Start of Provided records
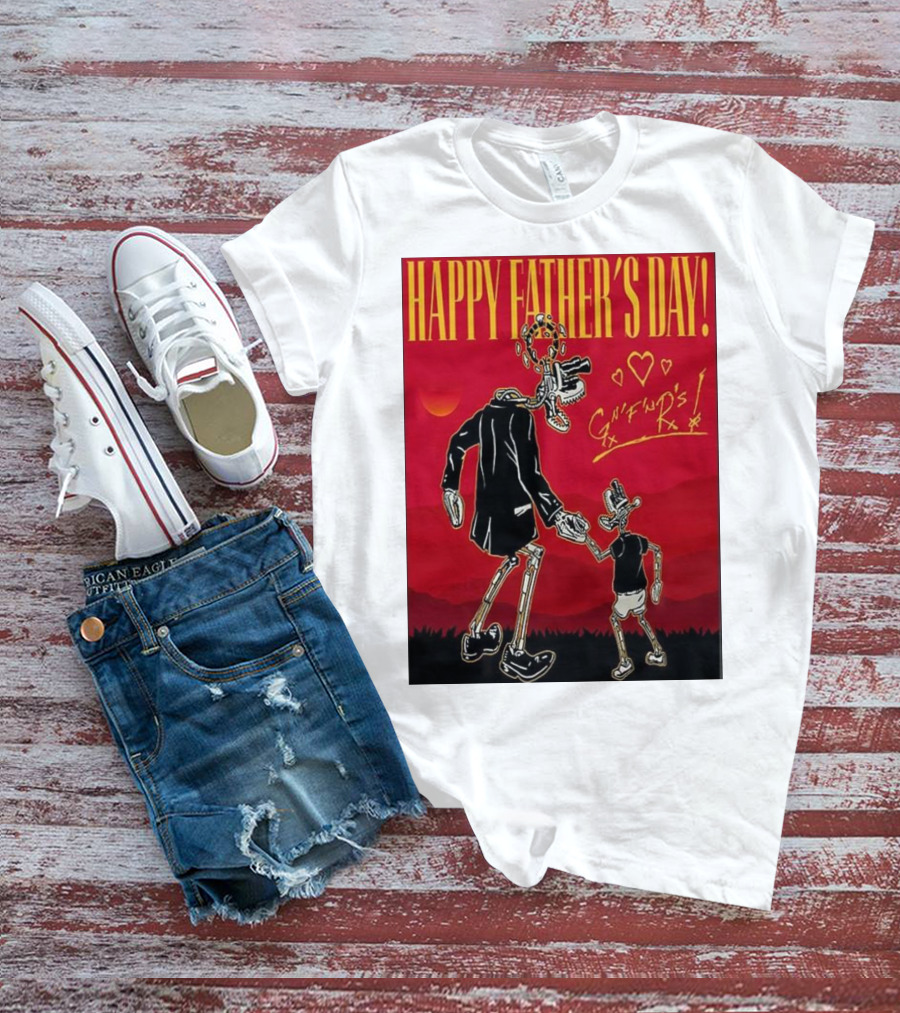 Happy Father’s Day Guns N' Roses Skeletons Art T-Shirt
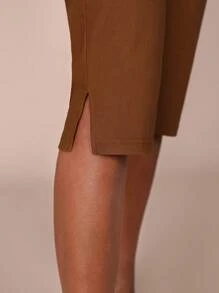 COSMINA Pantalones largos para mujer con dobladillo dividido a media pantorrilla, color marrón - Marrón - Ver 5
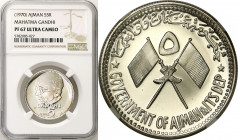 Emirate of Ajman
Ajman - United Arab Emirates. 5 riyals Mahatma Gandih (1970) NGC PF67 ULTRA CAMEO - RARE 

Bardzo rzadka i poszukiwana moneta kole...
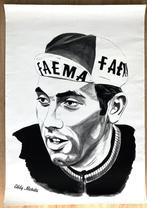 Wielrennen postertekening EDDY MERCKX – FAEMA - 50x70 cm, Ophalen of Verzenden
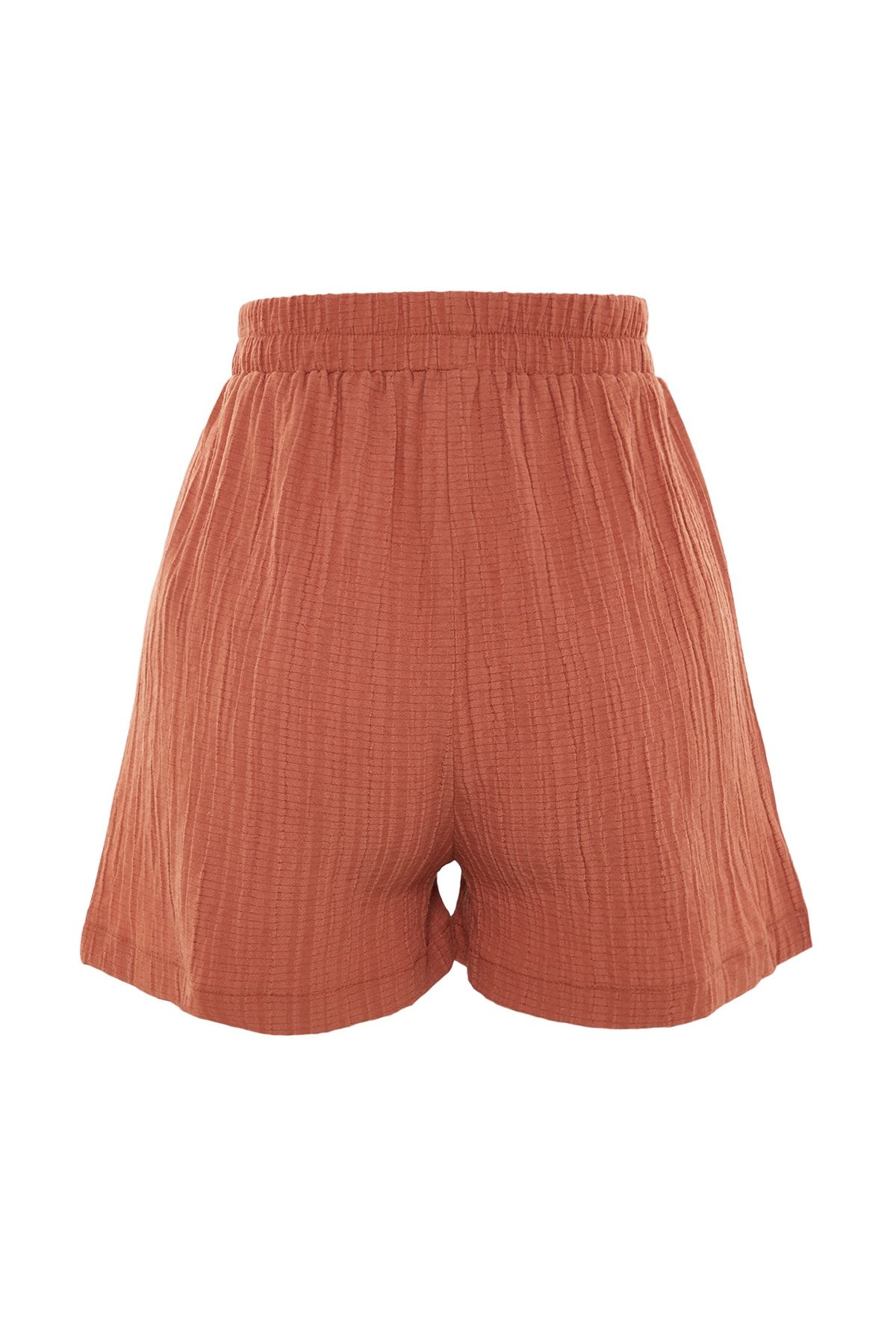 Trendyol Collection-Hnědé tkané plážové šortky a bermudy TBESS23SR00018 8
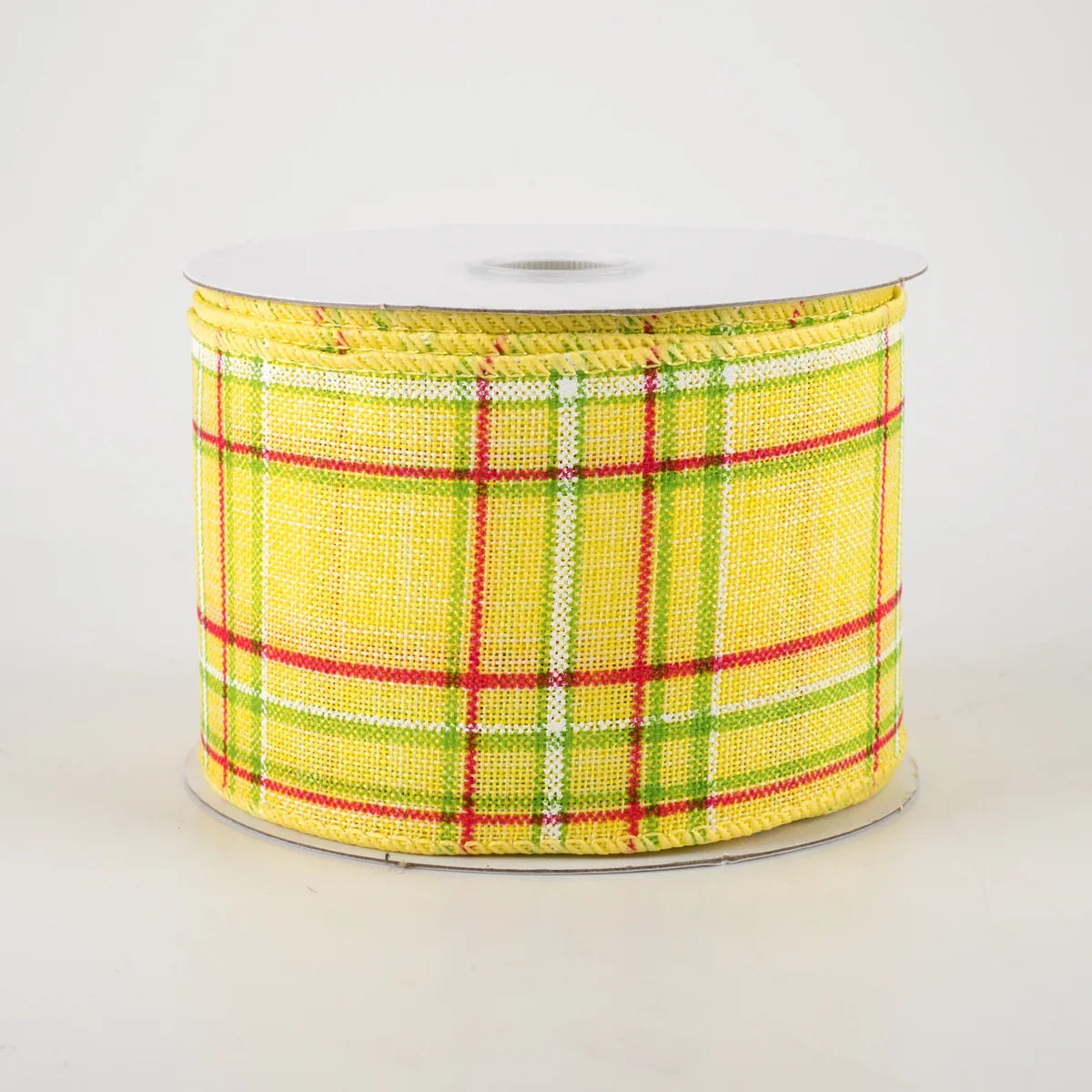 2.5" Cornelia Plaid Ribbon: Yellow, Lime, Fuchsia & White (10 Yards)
End of Provided records
» **Exercise details**: Each record above is to be copied exactly. Drop the pictures.

» **Your response**:
 Happy Father’s Day Guns N' Roses Skeletons Art T-Shirt
 COSMINA Pantalones largos para mujer con dobladillo dividido a media pantorrilla, color marrón - Marrón - Ver 5
 Emirate of Ajman
Ajman - United Arab Emirates. 5 riyals Mahatma Gandih (1970) NGC PF67 ULTRA CAMEO - RARE 

Bardzo rzadka i poszukiwana moneta kole...
 Wielrennen postertekening EDDY MERCKX – FAEMA - 50x70 cm, Ophalen of Verzenden
 Trendyol Collection-Hnědé tkané plážové šortky a bermudy TBESS23SR00018 8
 2.5" Cornelia Plaid Ribbon: Yellow, Lime, Fuchsia & White (10 Yards)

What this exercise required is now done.